The focus on the device helps machines perceive and respond more immediately, reducing dependence on connectivity and improving privacy by processing data where it is generated.

Competition and market context

The program expansion strengthens Arm's positioning in a AI market at the edge increasingly crowded, where it competes with Nvidia, Intel and new specialized players such as YesFive. Sectors such as autonomous car or retail are adopting edge AI for real-time analysis and decision-making.

From inventory management to collaborative robotics, the loads that benefit from local processing due to issues of latency, operating cost and confidentiality, areas where Arm seeks to consolidate its technological footprint.

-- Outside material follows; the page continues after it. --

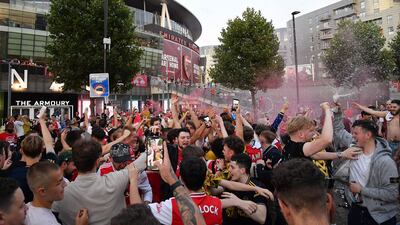 Arsenal fans celebrate outside the Emirates stadium. AFP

Market figures and signals

Arm claims that more than 300 companies are part of Flexible Access and there are some 400 ready designs for manufacturing under this scheme. In addition, it has emerged that Qualcomm has migrated its flagship chips to the v9 architecture, which reinforces the appeal of the proposal.

Following the announcement, Arm shares advanced around one 4%, up to $172,23, and so far this year they have accumulated an increase of 34,2%, a reaction that reflects the market's interest in on-device AI and flexible access to intellectual property.

With the inclusion of Armv9 in Flexible Access, Arm democratizes access to your IP and accelerates the arrival of AI products at the edge: less friction to enter, more options to iterate and an ecosystem that already shows traction in partners, designs and real applications.